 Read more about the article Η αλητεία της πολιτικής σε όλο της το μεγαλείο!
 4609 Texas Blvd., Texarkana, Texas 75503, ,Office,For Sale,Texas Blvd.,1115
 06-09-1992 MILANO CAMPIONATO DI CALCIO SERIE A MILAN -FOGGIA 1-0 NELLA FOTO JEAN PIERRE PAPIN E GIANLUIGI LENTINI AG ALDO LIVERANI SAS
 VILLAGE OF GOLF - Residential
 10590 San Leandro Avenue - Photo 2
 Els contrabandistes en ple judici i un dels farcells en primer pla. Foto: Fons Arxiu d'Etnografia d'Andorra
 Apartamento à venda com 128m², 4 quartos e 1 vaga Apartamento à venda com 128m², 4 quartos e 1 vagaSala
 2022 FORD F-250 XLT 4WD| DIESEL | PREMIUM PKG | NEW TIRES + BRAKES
◆ ◆ ◆ ◆ ◆
__DESCRIPTION OF THE TASK__. Each line from the line holding "VILLAGE OF GOLF - Residential" through the end of the material above is to be printed exactly, both ends included, and no other line is to appear.

__ANSWER TO THIS PROBLEM__.
 VILLAGE OF GOLF - Residential
 10590 San Leandro Avenue - Photo 2
 Els contrabandistes en ple judici i un dels farcells en primer pla. Foto: Fons Arxiu d'Etnografia d'Andorra
 Apartamento à venda com 128m², 4 quartos e 1 vaga Apartamento à venda com 128m², 4 quartos e 1 vagaSala
 2022 FORD F-250 XLT 4WD| DIESEL | PREMIUM PKG | NEW TIRES + BRAKES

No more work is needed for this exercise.